First-time buyers are driving expectations that a recovery has begun. Their numbers and market share are growing despite financing roadblocks and competition with investors for entry-level homes.
The first-time buyer market share is holding its own. First-timers representing 35 percent of purchasers in April, up from 33 percent in March and 30 percent in December but below the 50 percent share during the height of the first-time buyer tax credit in 2010. Sales of entry level homes under $100,000 have risen to 23 percent of all home sales in April, up from 15 percent in 2010-2011.
Difficulties getting financing have plagued first-timers. Stricter lending standards established following the subprime meltdown in 2006, including higher down payments, have made it more difficult for younger buyer. In fact, indications are that this year conditions are getting tougher for borrowers, not easier. Lenders actually closed a smaller percentage of purchase mortgage applications in April than they did in March, according to the latest Ellie Mae Origination Report. A survey by Inside Mortgage Finance found that the share of home purchases that were financed in March fell to 65.7 percent from 68.1 percent a year ago and 74.5 percent in March 2010.

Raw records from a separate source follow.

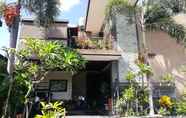 Exterior 2 Wahyu Residence Bali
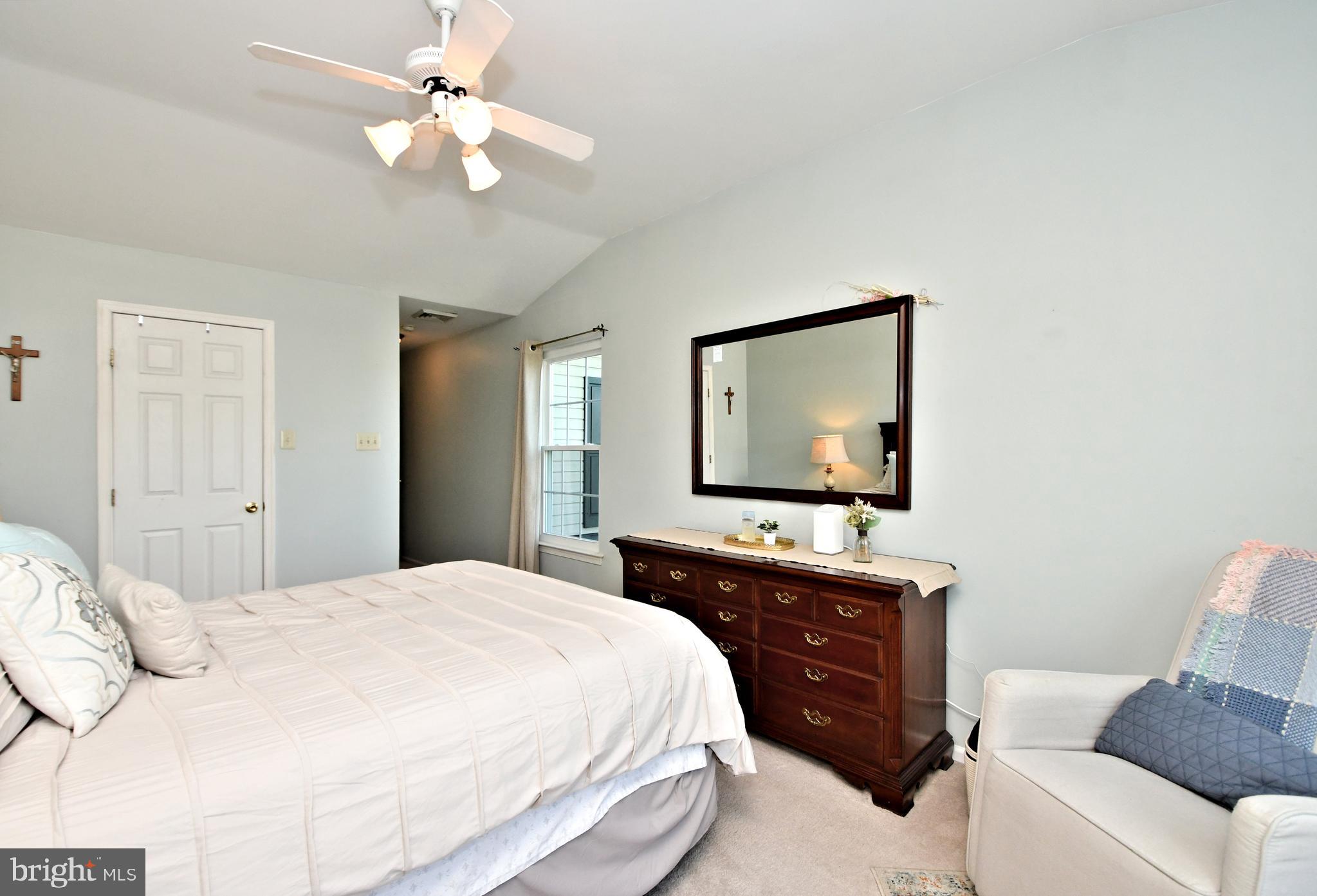 CLUB VIEW MANOR - Residential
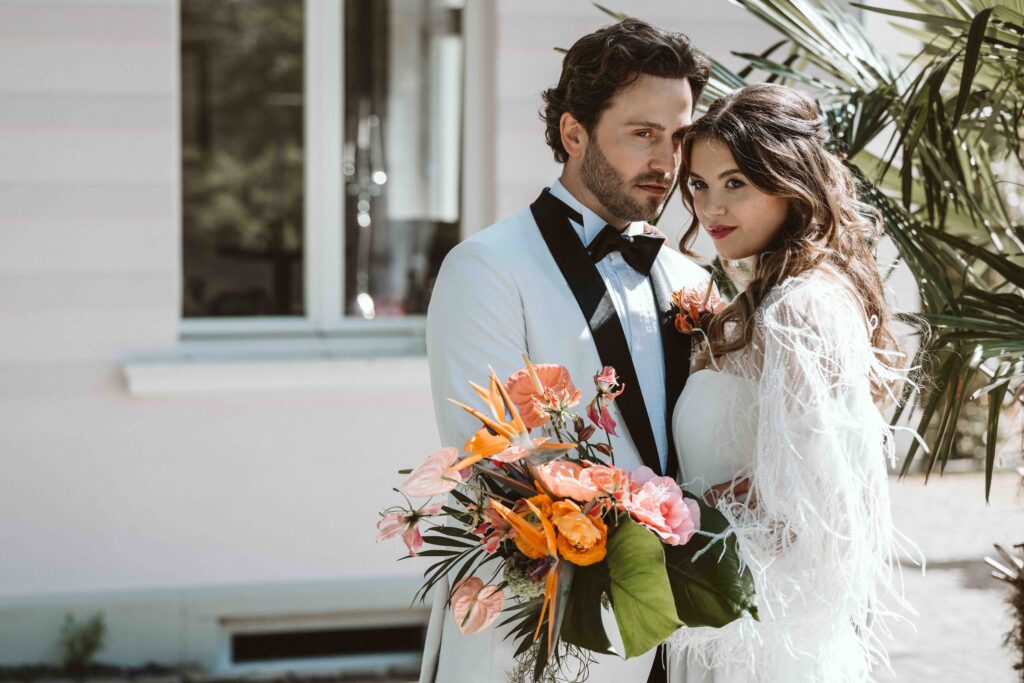 Elegantes Brautpaar vor der Villa Bodinus im Kölner Zoo bei einem romantischen Hochzeitsshooting.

Many first-time buyers have turned to FHA financing, which requires a lower down payment than conventional financing. FHA market share has increased steadily from 24 percent of all mortgages in September to 28 percent in April. The median FICO score for FHA purchase loans closed in April was 701, according to Ellie Mae.
In a Move, Inc. survey last fall of potential buyers who plan to buy in the next two years, 55 percent said they lack the money for a down payment and /or closing costs and another 34.5 percent were concerned about their ability to get credit.